Os acasos da história não me fizeram combatente, mas desejo que se cumpra a honra com adequada inteligência, para que os cobardes e os traidores nunca sejam os vencedores nas brumas da memória. Os mortos de todas estas guerras, pelos muitos lados de tais combates, bem merecem que as respectivas mortes não tenham sido em vão. E os heróis que ainda resistem, de um lado e de outro, exigem a adequada paz dos bravos. Sem deserção dos homens bons, dos homens livres e dos homens de boa vontade. Ai das pátrias que não respeitam os que morreram pelas suas próprias pátrias.

 

Os massacres e as chacinas de ambos os lados não são para esquecer, mas para guardar por dentro da memória.

 

Quase todas as descolonizações da imperial Europa que Deus tem foram, quase todas levadas a cabo por governos ditos de direita. Com efeito, mesmo em França, as esquerdas que não obedeciam aos patrões da guerra fria, ainda tinham, nos anos quarenta e cinquenta, obediência ao impulso do patriotismo imperial.

 

O mesmo que marcou a nossa Primeira República e que o salazarismo traiu com a gestão de merceeiro do Acto Colonial, que não seguiu os planos monárquicos de Paiva Couceiro, ou os sonhos republicanos das missões laica, implantados por Paiva Couceiro ou Álvaro de Castro.

 

Mesmo a oposição de esquerda ao salazarismo só muito no crepúsculo da Ditadura é que abandonou essa perspectiva da nação una, ainda bem agitada pelo capitão Henrique Galvão, antes e depois da aventura do Santa Liberdade.
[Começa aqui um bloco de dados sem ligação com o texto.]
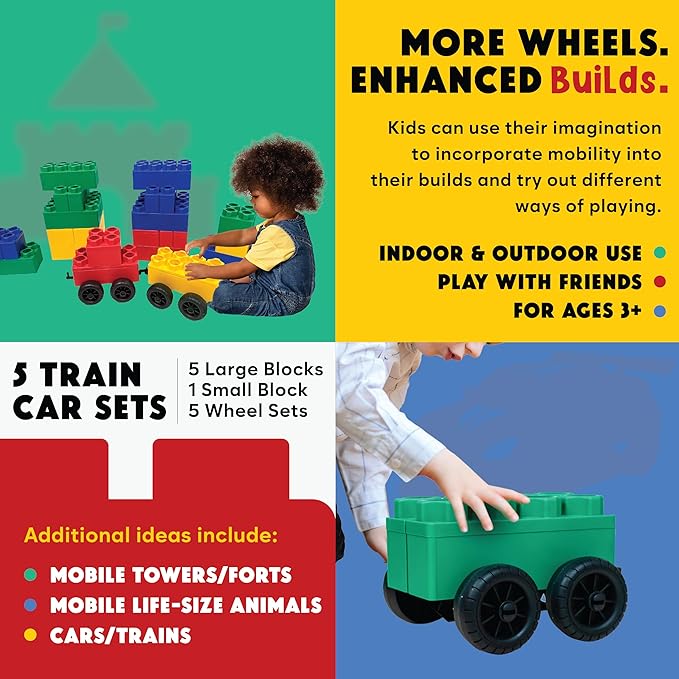 Big Building Blocks - Blocks and Wheels - Toddlers and Kids Ages 4-8 - Large Indoor Outdoor Games - 5 PC Wheel Set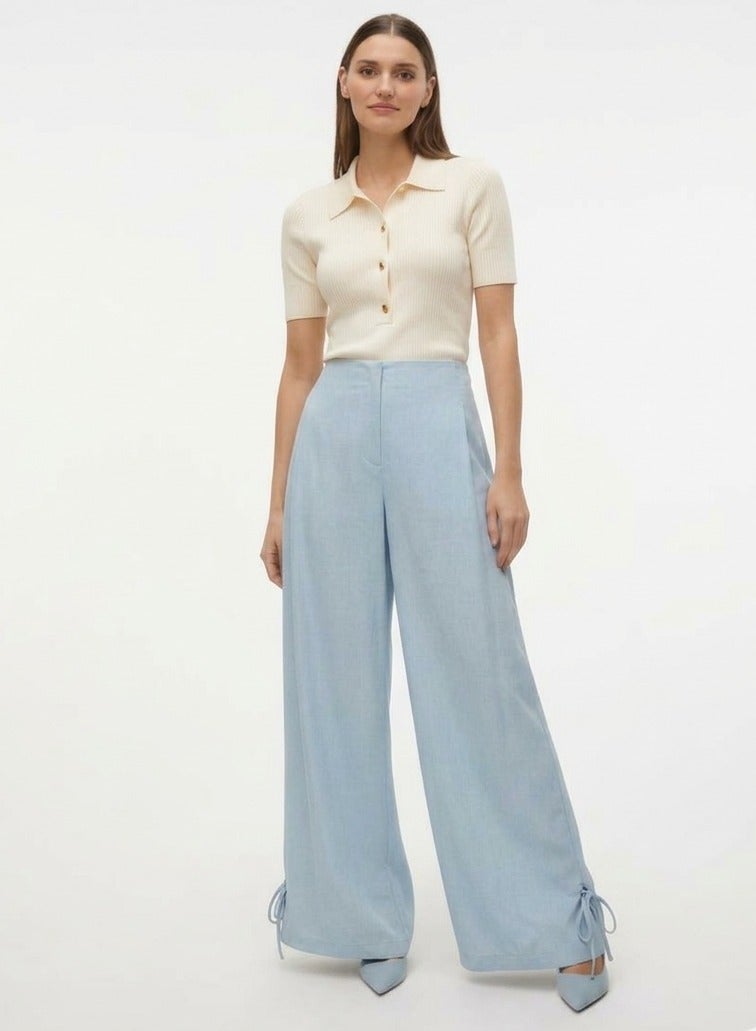 VERO MODA Women's VMANNA High-Waist Straight Tie Trouser Woven - Image 1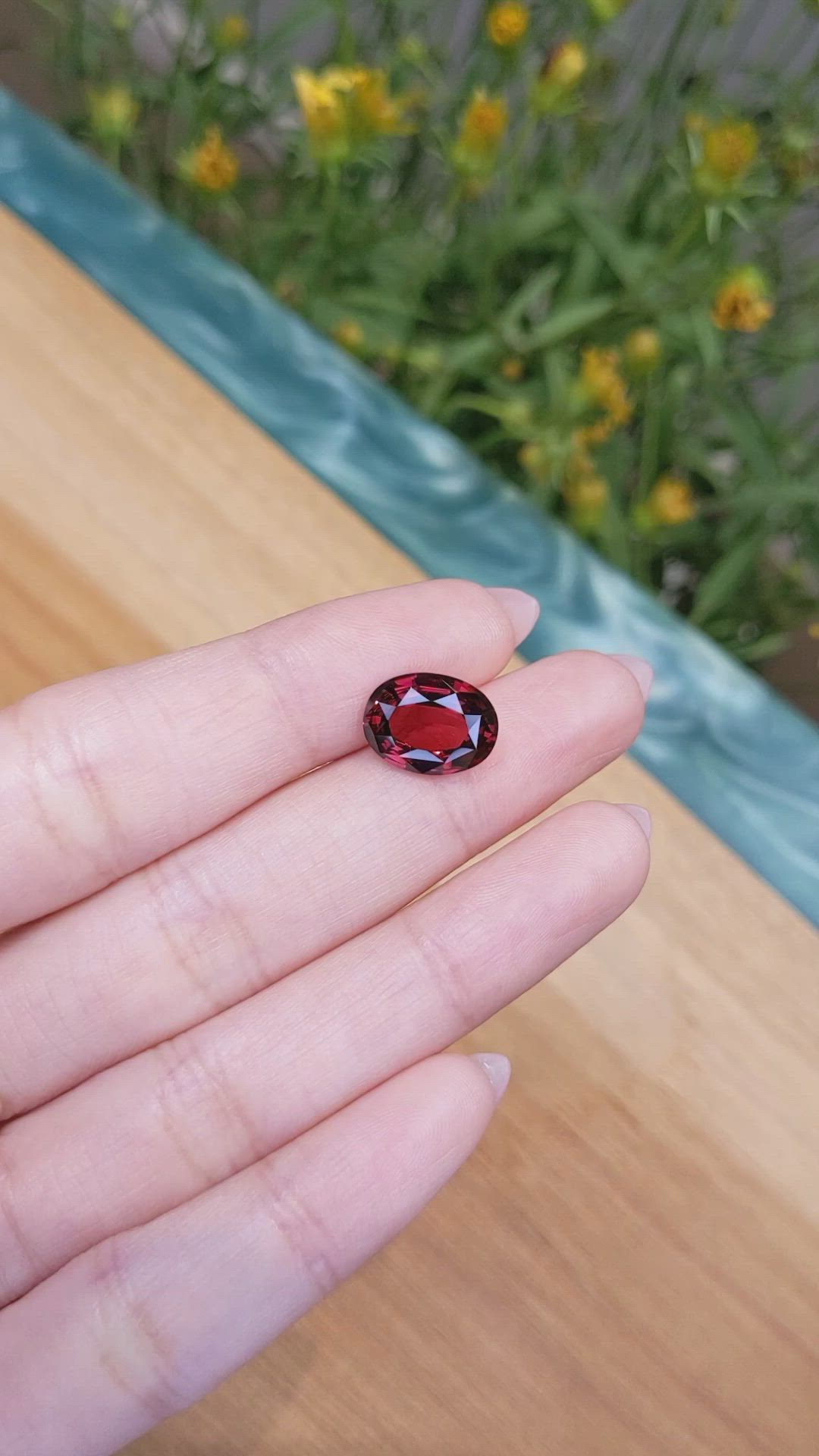 5.12 Ct. Red Garnet from Ceylon (Sri Lanka) Size Video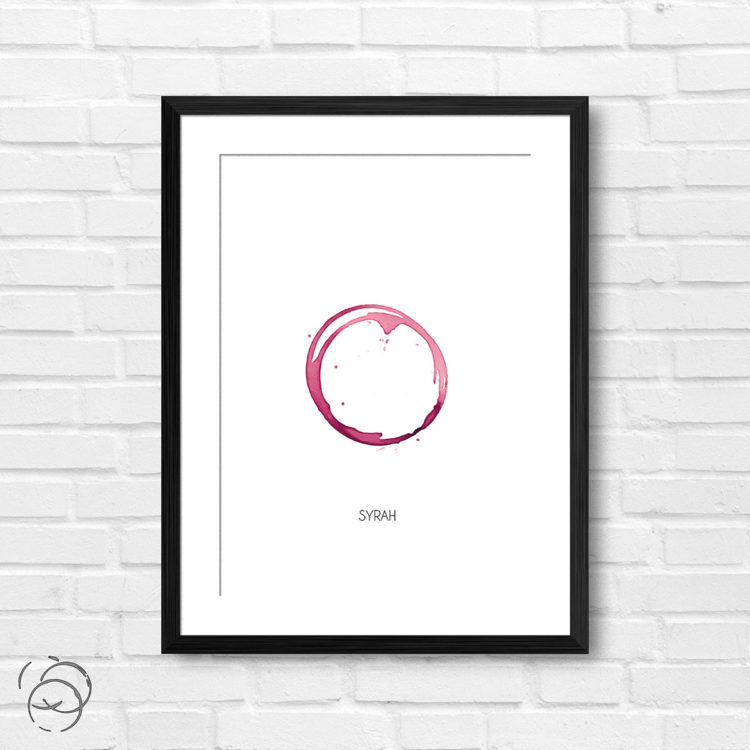 Red Wine Ring Stain And Name Syrah Print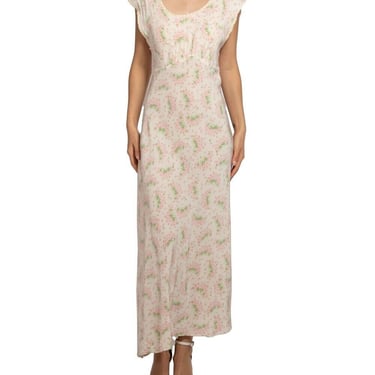 1930S Cream Bias Cut Cold Rayon Negligee With Pink And Green Floral Print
Mas também foi este inspector colonial que, em pleno Palácio de São Bento, como deputado salazarista, teve a ousadia de, num relatório, denunciar os resquícios de escravatura que se mantinham no chamado trabalho forçado em Angola.

 

Na época da denúncia, as colónias ainda não tinham voltado ao velho nome de províncias ultramarinas, como vai acontecer com o primeiro ministro do Ultramar, um ilustre maçon que já veio tarde demais para o sonho imperial da integração, quando fracas eram nossas forças e já não podíamos livrar-nos da pressão internacional.

 

Mesmo o que a propaganda salazarista balbuciava em tempo de guerra, da nação una e indivisível, segundo velho desenho de Galvão, apenas visava adiar aquilo que ele considerava inevitável: uma terceira guerra mundial, onde o Ocidente pagaria a Lisboa esse esforço de resistência.

 

Pena que tenha tardado essa corrida contra o tempo, abolindo o indigenato e praticano o pluri-racial e o pluri-continental. Os portugueses e os povos que estavam sob formal soberania portuguesa acabaram como simples peças de um xadrez de guerras por procuração, com que se disfarçou a guerra fria.

 

Os resultados foram dramaticamente consequentes, com o revigorar dos conflitos armados em Angola e Moçambique, já depois da saída de cena da república dos portugueses.

 

É evidente que não posso ter saudades de futuro de um modelo que produziu colonialismo, escravatura e racismo, o lado sombrio de um outro luminoso sonho que o tempo não quer cumprir. E tenho de agradecer a todos esses povos o facto de quererem ser independentes.

 

A melhor forma de continuarmos a procurar Portugal fora de Portugal passa pelo universal dos futuros laços qye se tecerem entre essas diversas comunidades de várias pátrias da mesma pátria de uma língua comum que há-de ser mátria. Uma super-nação de várias nações, a caminho de uma super-nação futura que tenha o Brasil como líder.

 

Aquilo a que chamam CPLP é imperfeito esboço de um mais vasto sonho que, dia a dia, as plurais identidades e culturas podem referendar pela comunidade das coisas que se amam, com saudades de futuro.